President Barack Obama and Congress have just a few weeks to figure out how to avert the automatic cuts to defense and domestic programs totaling $110 billion next year. Those reductions are part of the so-called fiscal cliff of expiring Bush-era tax cuts and the across-the-board cuts that Defense Secretary Leon Panetta has warned would be devastating to the military.
All sides are trying to come up with a deficit-cutting plan of $1.2 trillion over 10 years. Any solution that might emerge from the high-stakes negotiations before the Jan. 2 deadline likely would include some reductions in the military budget, which has nearly doubled in the last decade to half a trillion dollars. That amount doesn't include the hundreds of billions of dollars spent on the wars in Iraq and Afghanistan.
Projected defense spending over the next 10 years was expected to grow to $640 billion.
In the parlance of Willie Sutton, who supposedly said he robbed banks because that's where the money was, the military budget is where the dollars are for Washington negotiators.

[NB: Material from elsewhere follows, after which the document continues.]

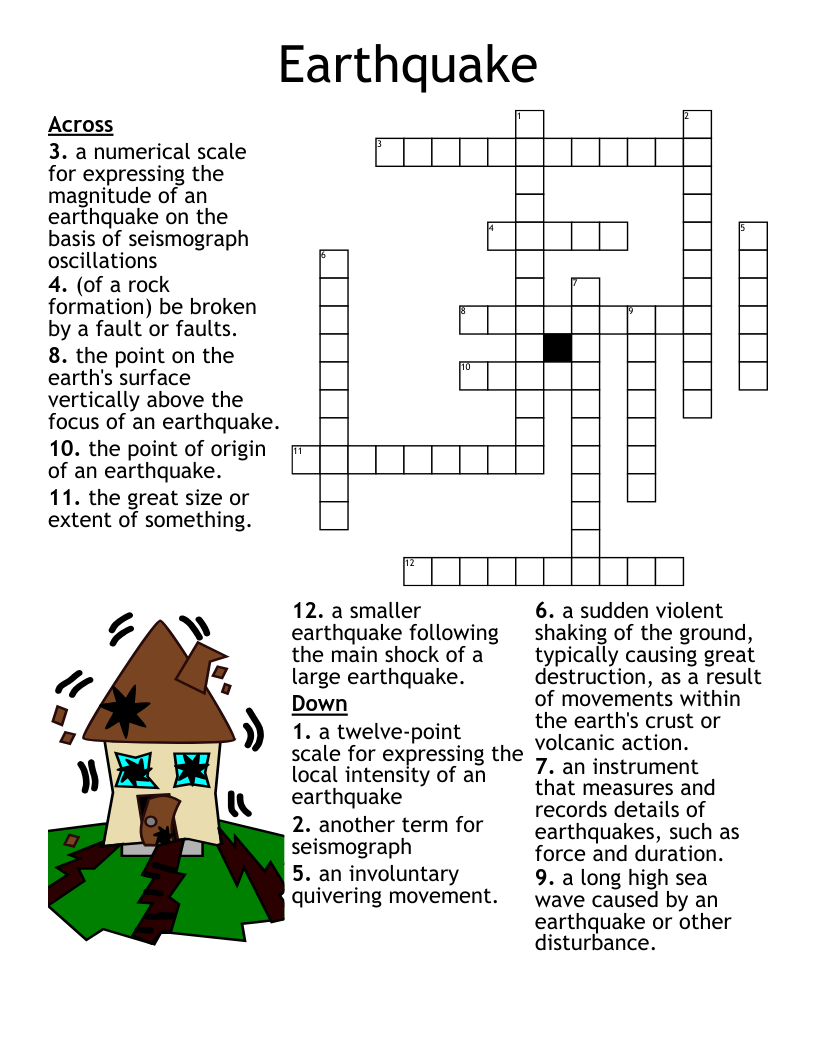 Earthquake Crossword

"It is a big piggybank," said former Wyoming Sen. Alan Simpson, a Republican who along with Democrat Erskine Bowles had recommended $4 trillion in budget cuts over a decade, including deep reductions in defense, as part of a special presidential commission in December 2010.
"If you can't get in there and start getting stuff out of there when you have a defense budget of $740 billion bucks—and the defense budget of every major country on earth, 17 of them, including Russia and China, is $540 billion combined. Who is joshing who," said Simpson. "That's madness, madness."
One possible starting point is the recommendation of Senate Armed Services Committee Chairman Carl Levin, D-Mich., who indicated earlier this year that he would be willing to accept additional defense cuts of $10 billion a year as part of any solution to avoid the across-the-board cuts.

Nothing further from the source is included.